Il paesaggio rurale




di Matteo Marcoccia - Comunità Laudato Si' Alatri
docente "Bonifacio VIII" di Anagni, dottore in Scienze Naturali


Il territorio Italiano data la sua profonda eterogeneità geomorfologica e pedoclimatica, presenta

numerose e diverse unità di paesaggio. Le tessere di questa distribuzione alquanto diversificate ci

risultano evidenti anche davanti ad una analisi fitoclimatica territoriale. La costruzione di queste

unità di paesaggio avviene attraverso l’interfacciamento di dati spaziali a diversa scala,

permettendoci di discriminare le diverse variazioni che influiscono sulle stesse.

All’interno di questa diversità “ambientale” troviamo i sistemi di paesaggio rurale, caratteristici per

la loro unicità e struttura.

L’unicità e la struttura di un sistema territoriale ne determinano anche la sua eterogeneità,

caratterizzata dalla distribuzioni di habitat e relazioni ecologiche che permette il sostentamento e

formazione degli stessi.

Il paesaggio rurale deve le sue principali caratteristiche al lavoro dell’uomo che nel tempo ha

caratterizzato l’impronta territoriale, con i suoi diversi rapporti ecologici, in un rapporto simbiotico,

al punto che l’uomo diventa parte del sistema.

Le continue mutazioni di un paesaggio possono essere frutto quanto dell’azione della Natura,

evidenziando formazioni di habitat naturali, quanto dell’azione dell’uomo che con le sue pratiche ha

dato origine ad habitat di origine antropica.
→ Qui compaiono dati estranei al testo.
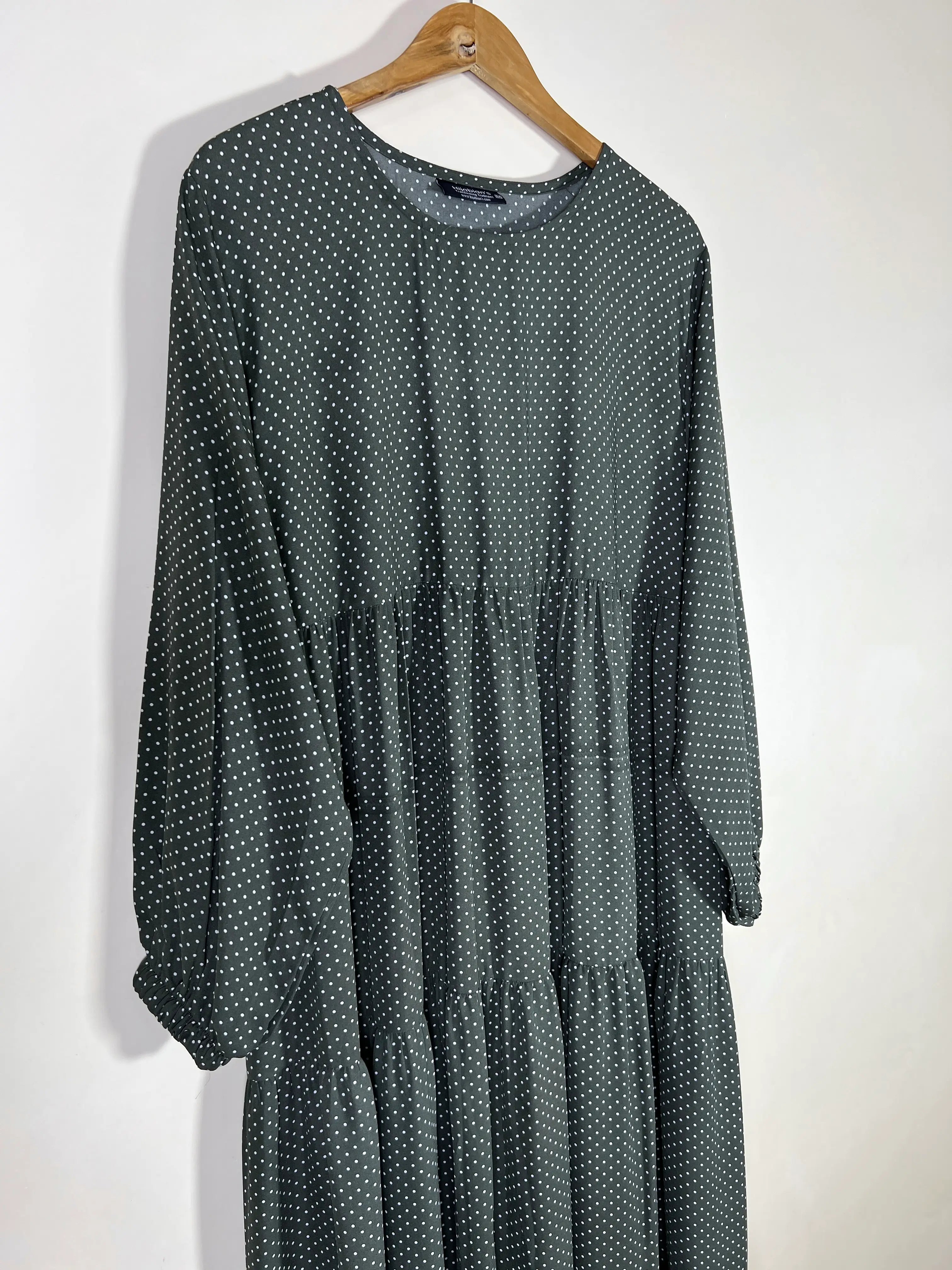 Green - Printed Frill Maxi Abaya HJ1601 Secondary image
In questi ultimi i paesaggi agrosilvopastorali ed urbani ne

sono una chiara riprova. I tempi con cui un ambiente legato all’utilizzo antropico si modifica può

essere breve o lungo, in funzione dell’utilizzo dello stesso e del relativo sfruttamento.

Oggi, ed almeno negli ultimi 50 anni circa, ci troviamo davanti ad un incessante aumento delle aree

urbane, con una conseguente riduzione delle aree naturali e rurali, fatto questo che riduce la

quantità di terreno utilizzabile, aumentando al contempo l’impermeabilizzazione degli stessi. Questi

fenomeni tendono ad aumentare la frammentazione degli habitat naturali aumentandone il disturbo

correlato attraverso una conseguente diminuzione della biodiversità e delle capacità ecosistemiche

offerte da questi ambienti. Il fenomeno di disturbo più evidente, registrato a causa della perdita di

numerosi “spazi” rurali, è quello della scomparsa e riduzione della funzione cuscinetto offerta da

questi tra gli ambienti naturali e quelli fortemente antropizzati. Per descrivere l’importanza del ruolo

di queste “tessere ambientali” non basterebbe una intera trattazione, ma ricordo che essi sono

ricovero di numerose specie animali e vegetali che si sono adattate alle pratiche umane (specie

sinantropiche). Queste stesse specie devono la loro sopravvivenza a pratiche culturali e pastorali che

spesso vanno avanti da diversi decenni e spesso anche millenni. La loro interazione con il lavoro

dell’uomo ha creato strutture e modelli di paesaggio spesso irripetibili, anche perché spesso questo

è legato ad un sapiente utilizzo delle risorse ambientali da parte dell’uomo stesso.

Oggi sembra venire riscoperta la loro importanza, che a mio avviso, almeno per gli addetti ai lavori,

non è venuta mai meno, rispetto a fattori di protezione da eventi calamitosi (basti pensare alla

protezione offerta da una campagna alla città rispetto ad un fenomeno di inondazione), come ristoro

e rifugio per numerose forme di vita, come già precedentemente espresso, e l’importanza sociale e

economica per la società umana.

Questi ambienti offrono luoghi di riposo e di svago dalle attività frenetiche che spesso la vita ci

impone oltre a numerosi servizi ecosistemici di rilevante importanza economica.


La protezione e la salvaguardia di tali paesaggi ed habitat è quanto mai auspicabile in virtù di un

utilizzo sempre più sostenibile e consapevole del territorio. Protezione da attuare con tutti i mezzi

giuridici, economici e sociali possibili al fine di incentivare delle best-practices con conseguente

ricaduta positiva sull’ambiente e sulla società umana.